== Your goal ==
Please transcribe the listing below in full, exactly as written, leaving out its pictures.

== Data extract ==
= Beginning of Section =
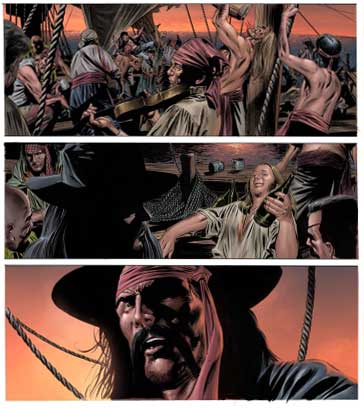 El Cazador, by Steve Epting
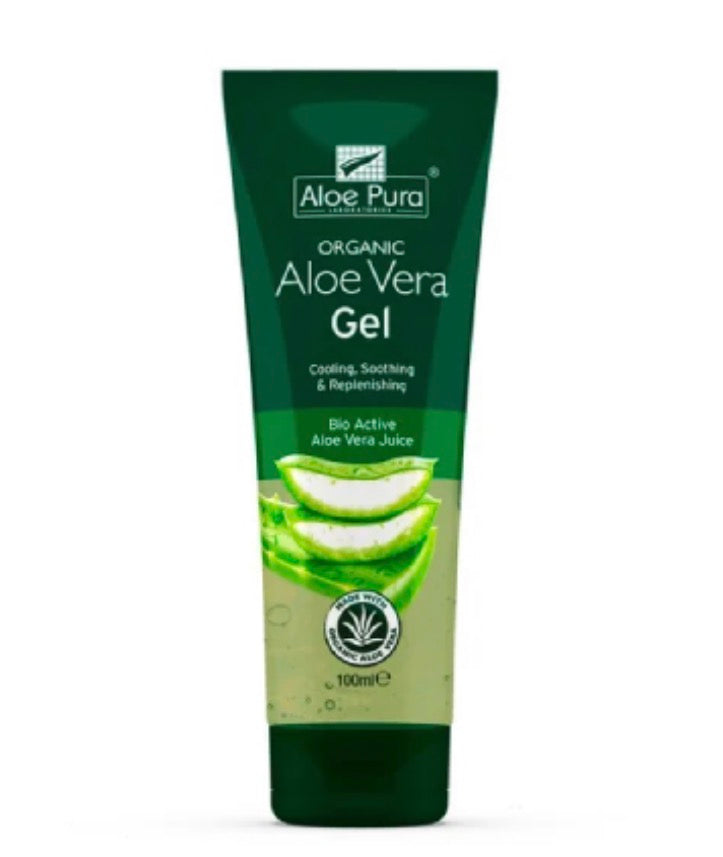 Optima Aloe Pura Organic Aloe Vera Gel 99.9% 100ml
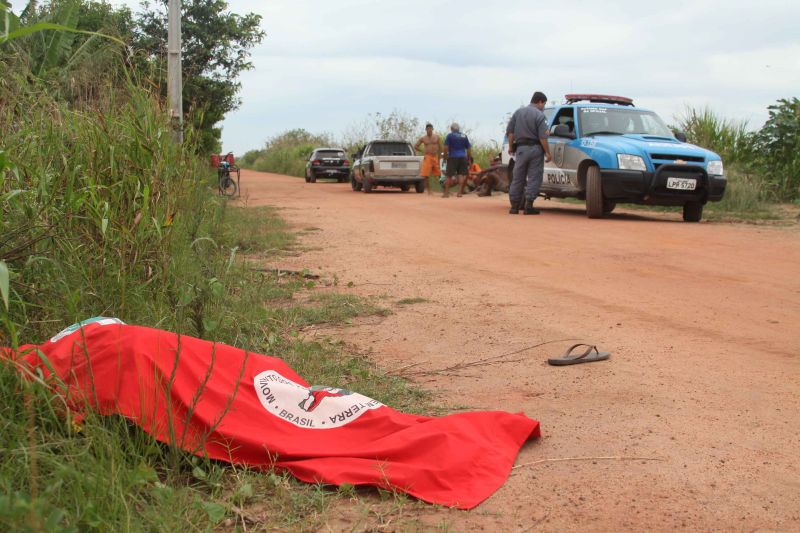 Cícero Guedes dos Santos, dirigente do MST no Rio de Janeiro, foi morto a tiros no início do ano | Mauro de Souza/ Agencia Urural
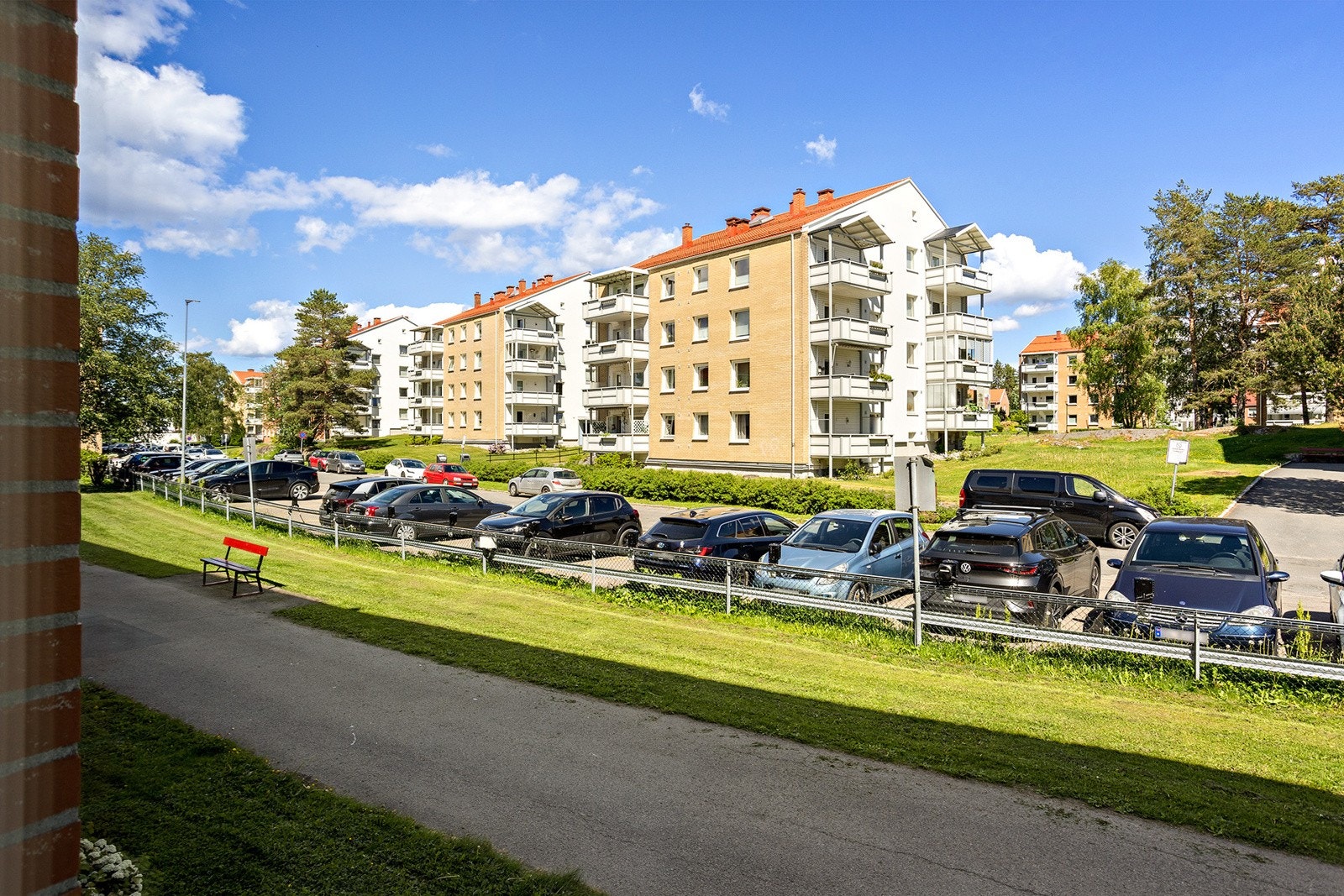 Herlig nabolag Galleribilde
= End of Section =
== Written solution ==
 El Cazador, by Steve Epting
 Optima Aloe Pura Organic Aloe Vera Gel 99.9% 100ml
 Cícero Guedes dos Santos, dirigente do MST no Rio de Janeiro, foi morto a tiros no início do ano | Mauro de Souza/ Agencia Urural
 Herlig nabolag Galleribilde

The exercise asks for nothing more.